6. L'appello è infondato.
6.1. La memoria che era stata depositata tardivamente
dall'Amministrazione in realtà era un elenco contenente una serie di atti che
il giudice di primo grado ha ritenuto comunque di acquisire in ossequio al
principio acquisitivo in tema di prova.
Si tratta di una decisione insindacabile del giudice che
valuta come essenziali gli atti in questione ai fini di una conoscenza completa
della res iudicanda e che non richiede nessuna richiesta di remissione in
termini.
6.2. La valutazione di procedere a dare inizio al
procedimento disciplinare dopo l'acquisizione del solo dispositivo della
sentenza della Corte di Cassazione non ha comportato nessun vulnus per le
esigenze difensive dell'appellante poiché non ha fatto venir meno alcun
elemento di conoscenza della vicenda che non fosse già in atti.
La sentenza si limita a dichiara inammissibile la sentenza
poiché volta a rimettere in discussione elementi di prova oggetto di una
concorde acquisizione agli atti nei giudizi di merito. Inoltre la sentenza
illustrava le ragioni per cui non era possibile accogliere la revoca della
rinuncia alla prescrizione.
Si tratta di argomentazioni che, ai fini delle valutazioni
che dovevano essere compiute in sede disciplinare, erano assolutamente
irrilevanti e la loro mancata conoscenza non ha pregiudicato un completo esame
della vicenda.
Non vi è alcun mancato rispetto del termine dei 270 giorni
poiché esso decorre ai sensi dell'art. 1392, comma 3, D.Lgs. n. 66 del 2010 dal
giorno in cui l'amministrazione ha acquisito la copia della sentenza definitiva
che è stata depositata in data 2 maggio 2019 e sicuramente acquisita alcuni
giorni dopo e cessa di decorrere nel momento in cui è emesso il provvedimento
conclusivo non rilevando la successiva notifica all'interessato.
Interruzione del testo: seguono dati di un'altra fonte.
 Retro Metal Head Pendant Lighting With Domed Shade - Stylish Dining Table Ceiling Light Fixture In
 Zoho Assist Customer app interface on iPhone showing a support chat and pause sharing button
Il fatto che
l'Amministrazione abbia dato inizio al procedimento dopo l'acquisizione del
solo dispositivo, non rileva rispetto a quale sia l'atto la cui conoscenza
determina il decorso di un termine perentorio.
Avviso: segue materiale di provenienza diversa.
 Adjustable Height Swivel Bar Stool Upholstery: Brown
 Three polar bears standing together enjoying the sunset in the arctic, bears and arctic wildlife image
In conclusione, essendo stata emessa la sentenza il 2 maggio
2019 e ragionevole ritenere secondo la prassi che sia decorso un termine non
inferiore a quindici giorni per l'acquisizione della stessa; il provvedimento
impugnato è stato emesso il 1 febbraio 2020 cioè 274 giorni dopo la
pubblicazione della sentenza. Ritenere che l'acquisizione della stessa da parte
dell'Amministrazione sia avvenuta entro tre giorni dalla sua emissione
costituisce un dato smentito dalla prassi e comunque non è stato provato
dall'interessato.
6.3. Il terzo motivo è frutto di un equivoco. La Commissione
di disciplina ha ben chiaro quali siano i reati per cui è stato condannato il
militare, ma nel descrivere la gravità della condotta ha fatto riferimento
anche all'uso che delle schede falsificate dall'appuntato è stato commesso da altri
anche senza la sua complicità. E' evidente che una sentenza penale di merito
faccia stato nel procedimento disciplinare cosicché l'Amministrazione non può
contestare fatti diversi da quelli accertati in quella sede, ma la valutazione
della gravità rispetto alla conservazione dello status di militare è propria
dell'Amministrazione e l'illustrazione dell'uso che era stato fatto del corpo
di reato creato dal militare ben può essere sottolineata. Se, ad esempio, il
militare avesse realizzato delle schede telefoniche false che nessuno aveva
utilizzato la condotta sarebbe stata meno grave.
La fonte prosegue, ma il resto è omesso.